The moment everything changed
How she experienced the collapse of Afghanistan in real time, and what it meant to realize women would be pushed out of education and work overnight.
Starting over is not a clean reset
Why restarting is not just logistics. It is rebuilding hope. Sabira names it clearly- learning to dream again.
Helicopters, precision, and a long-term goal
Why she chose helicopters and what she is building toward, including her path toward becoming a professional helicopter pilot.
Inclusion is not charity
Her message to aviation leaders is to recognize skill, hire for capability, and make room for diverse backgrounds, as they strengthen the industry.

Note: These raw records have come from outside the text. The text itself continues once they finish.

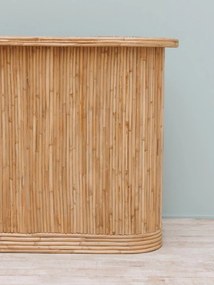 Consolă hol eclectică din ratan, natur, cu blat oval și corp din tije verticale, 80 x 120 x 40 cm, „Barbade”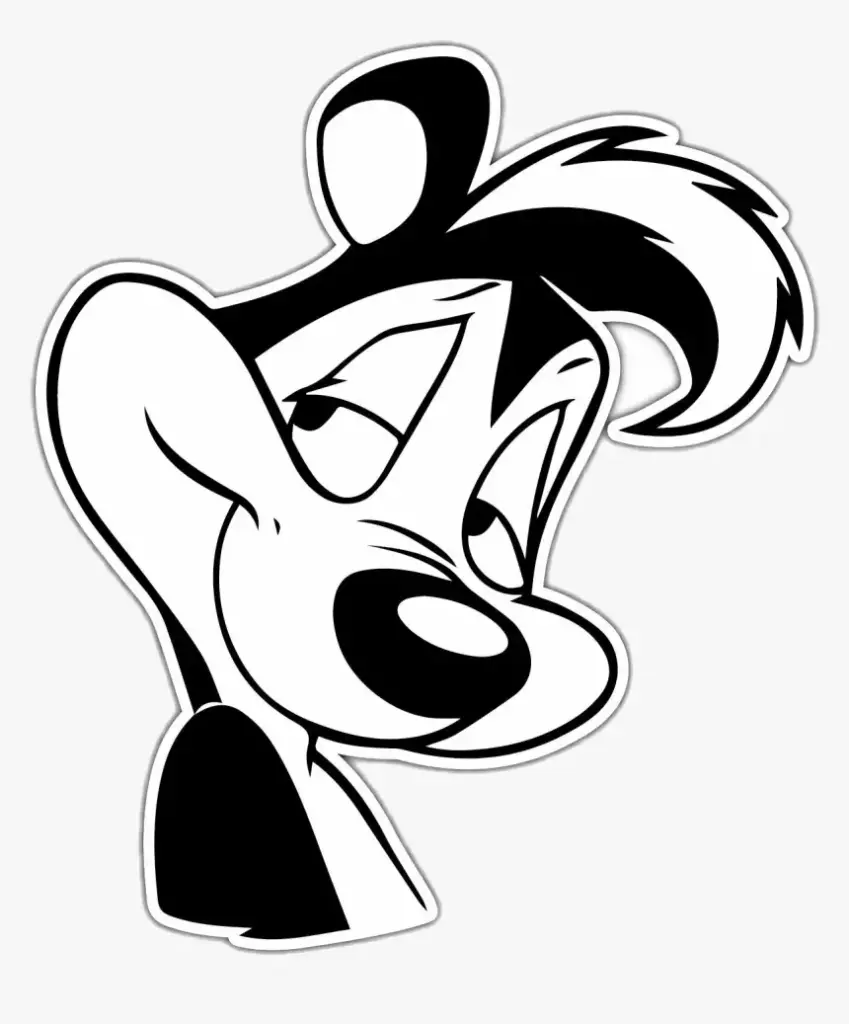 Vertical Pepé Le Pew tattoo stencil idea with a romantic pose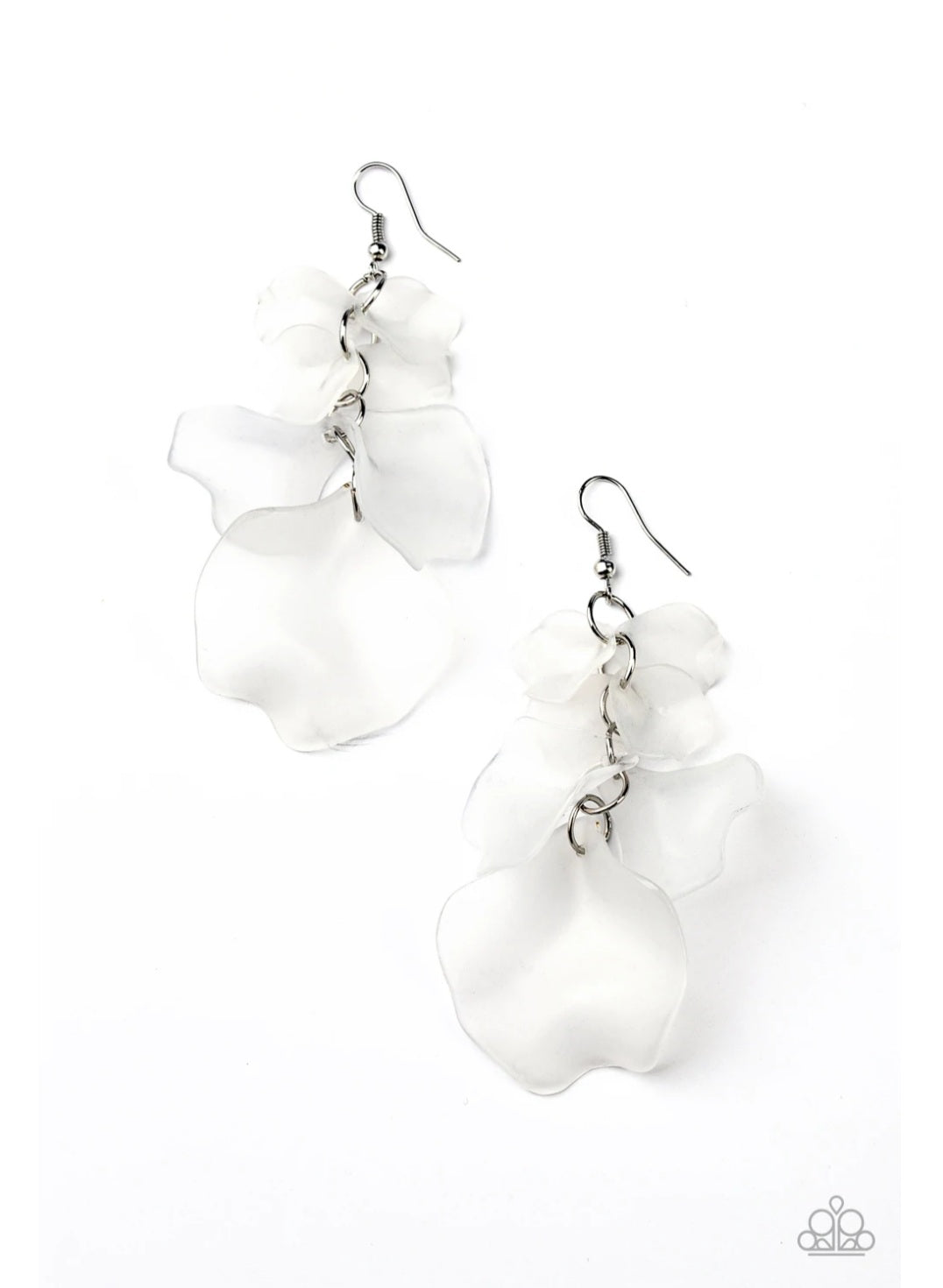 Paparazzi - Fragile Florals - White Earrings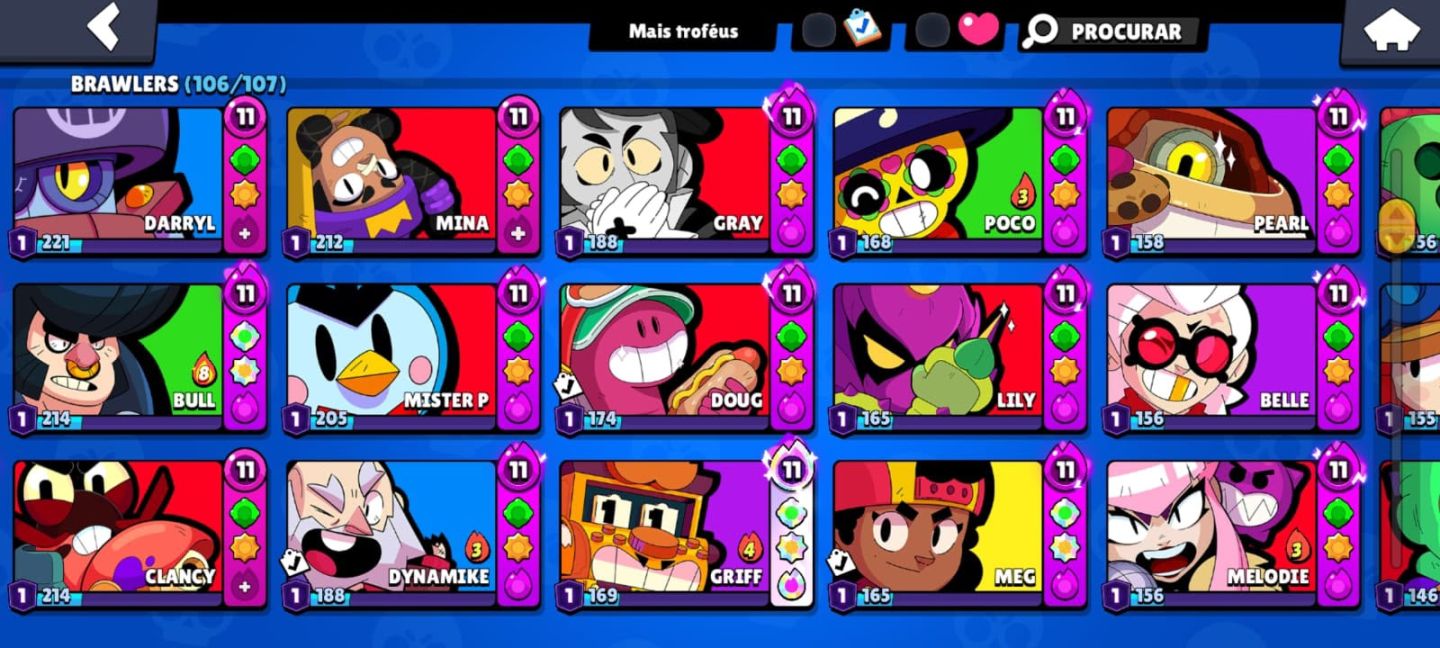 Conta Brasil star full brawlers hipercargas acessórios e poder de estrelas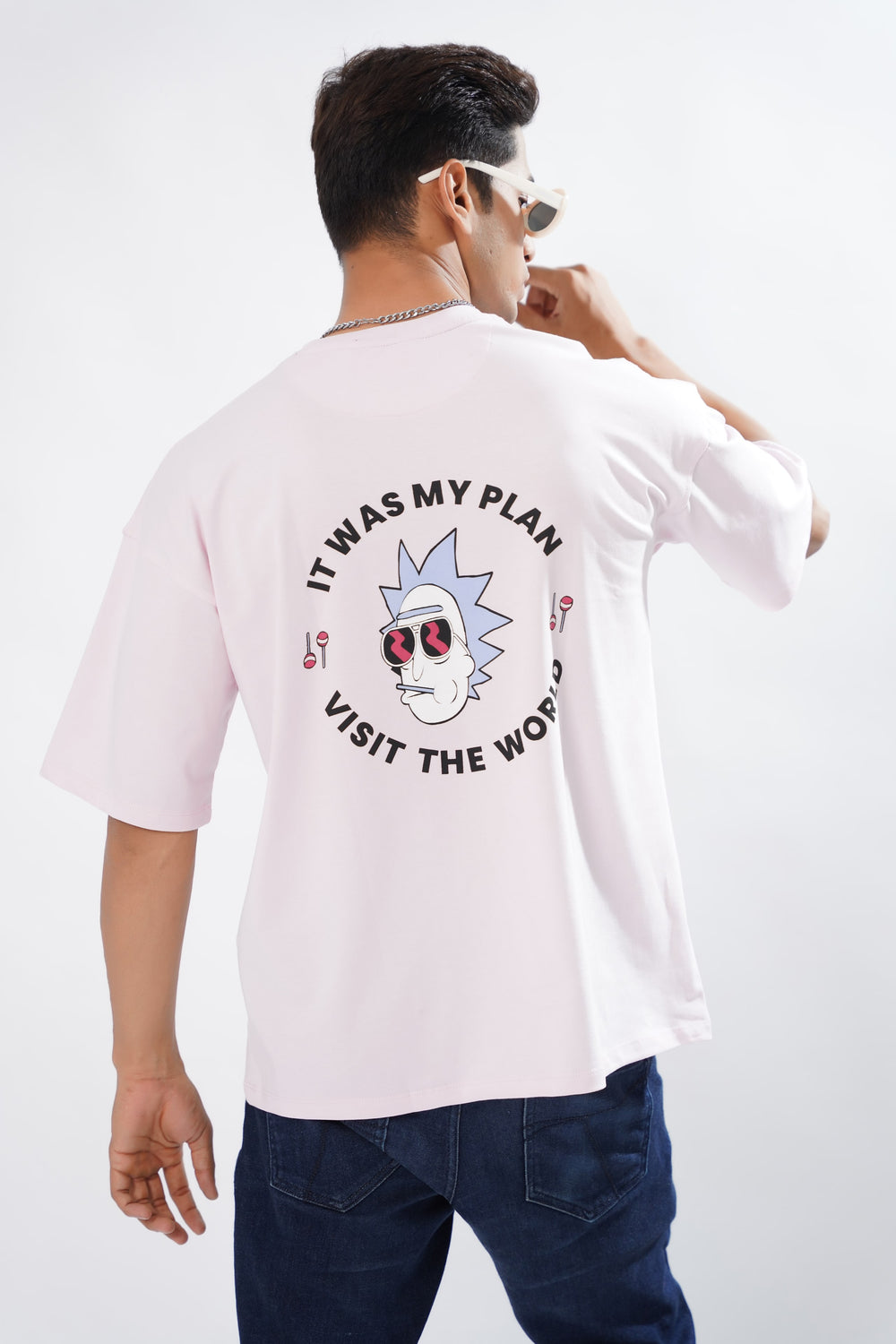 Faded Firebrick Pink Its My Plan Cotton Graphic Printed Oversized T-shirt - ROYALTAIL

What she would tell an Afghan girl watching from the ground
A reminder that dreams are valid, and capability matters more than gender.
A line that stayed with me
“Starting over, for me, is learning to dream again.”
About Sabira Rezaie
Sabira Rezaie is an Afghan woman pilot rebuilding her aviation career in the United States. In this conversation, she shares what it took to keep moving after loss, how she found community, and what it means to keep pursuing aviation when the path is interrupted by forces far beyond your control.
Sabira will also be joining me at the WAI 2026 Conference in Dallas, and I hope you will come say hello if you are there.
Listen to the Episode
About AVIATE
AVIATE is hosted by me, Shaesta Waiz, the 8th woman in history to fly solo around the world in a single-engine aircraft. Along that journey, I met people everywhere who wanted to talk about the same themes that inspired this show.
AVIATE stands for Acknowledging those in our industry, Vocalizing our experiences, Inclusion, Acting on our passions, Travel, and Evolving.

Now in its eighth season and exclusively sponsored by Atlantic Aviation, AVIATE is heard in over 100 countries.